I would say, I had the leverage of a law degree which makes me a different and strong candidate compared to having only the diploma in paralegal. Also interacting with a broad range of community helps for maximising networking with people both potential colleagues and clients.
“I had the leverage of a law degree which makes me a different and strong candidate compared to having only the diploma in paralegal. Also interacting with a broad range of community helps for maximising networking with people both potential colleagues and clients.”
Canada has very flexible immigration policies and there are lot of international students coming from across the world, and the majority are from South Asia. So, regarding that, knowledge of multiple languages enhances my opportunities. Further, I am planning to write my licensing exam for Paralegal (P1 license) which will help me to litigate in court and tribunals as per my scope of practice.
Lastly, any advice for the Indian law graduate who may be considering higher studies outside the country?
Never stop believing in yourself. If you are really planning to study abroad then start preparing yourself. Start working under the lawyer, even if it is volunteering work, because you would be able to know that basic things you learned can make the difference.
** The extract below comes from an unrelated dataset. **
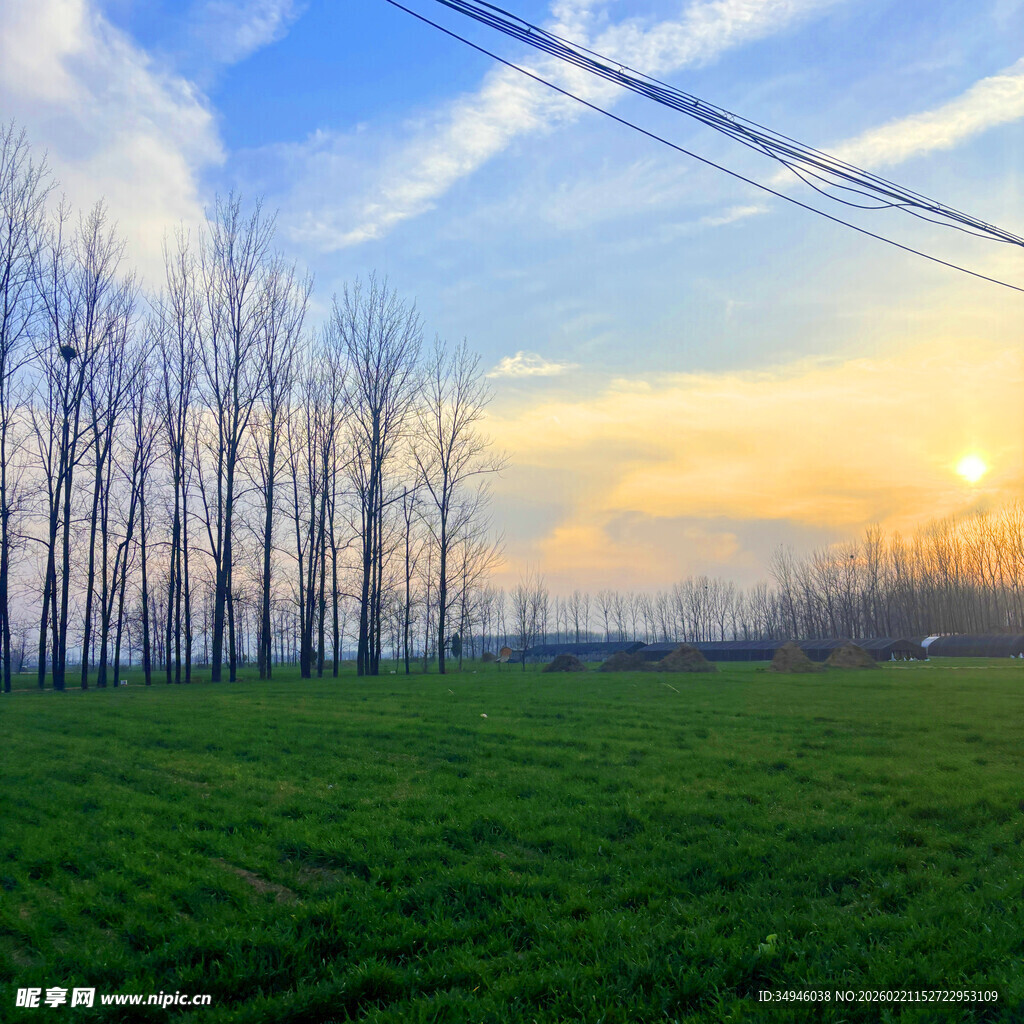 田野夕阳下的挺拔树木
You should be prepared of being independent because you have to balance your quotidian part of life while working part time. Start approaching people; I was fortunate enough to make friends from other justice programs in Fleming like Custom Border Services, Police Foundation and Community and Justice Services and keep updated about their programs.
This field is more about networking and research oriented, so would only suggest never stop researching and keep yourself up to date.